Only 3 (18%) of 17 squamous carcinomas of the lung in the present investigation exhibited mesothelin reactivity, and the staining in these cases was limited to small areas of the tumor. This finding is in contrast to that of Chang et al. (21), who were able to demonstrate mesothelin expression with the K1 antibody in 8 (80%) of 10 squamous carcinomas of the lung. The staining obtained in those cases was usually strong, in contrast to the results seen in the present study, in which the reactivity was limited to only 5 to 10% of the neoplastic cells.

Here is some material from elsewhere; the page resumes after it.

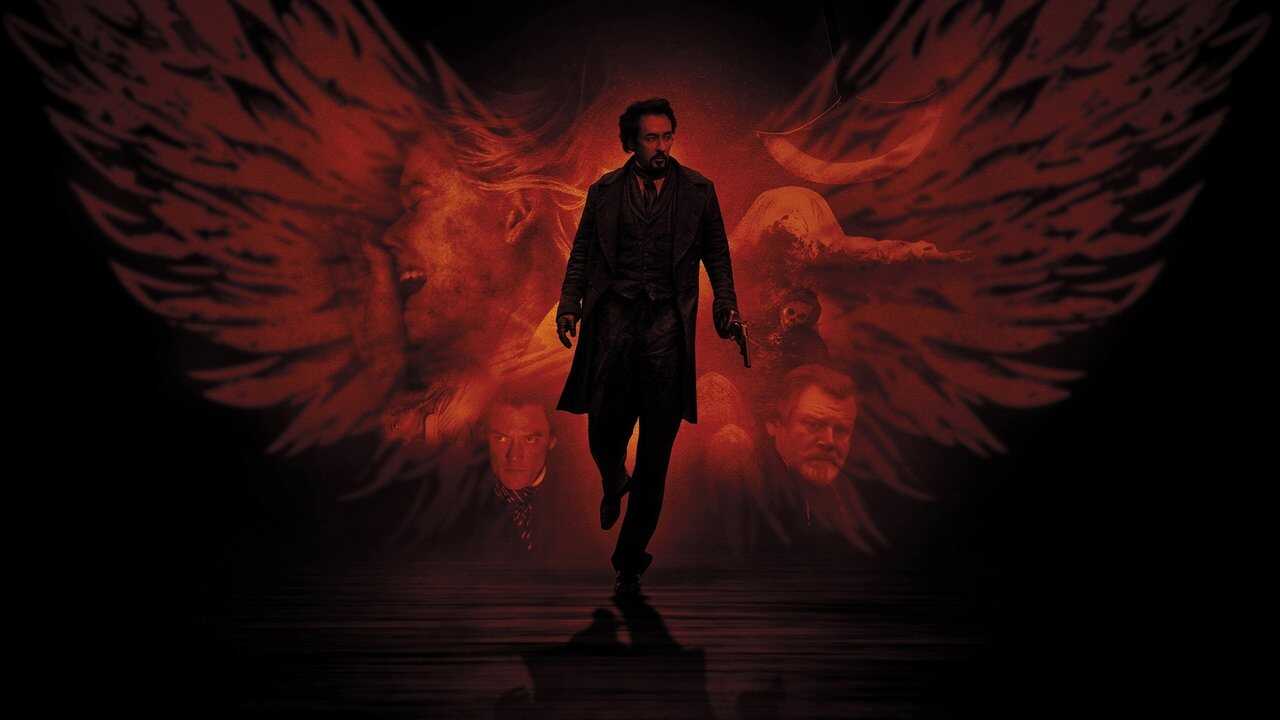 The Raven (2012) 0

In conclusion, the results in the present study confirm previous reports that indicate that mesothelin is strongly expressed in epithelioid mesotheliomas and ovarian carcinomas. In contrast to previous reports, however, this study has found that mesothelin can also be expressed in lung adenocarcinomas, thus limiting the practical value of this marker for discriminating between epithelioid mesotheliomas and pulmonary adenocarcinomas. Although mesothelin is not recommended for inclusion in the standard immunohistochemical panel used to assist in distinguishing between these malignancies (15), it may have some utility in those cases in which the results are equivocal. Because of the common and strong mesothelin expression in epithelioid mesotheliomas, a negative staining for this marker can be regarded as a strong indication against such a diagnosis.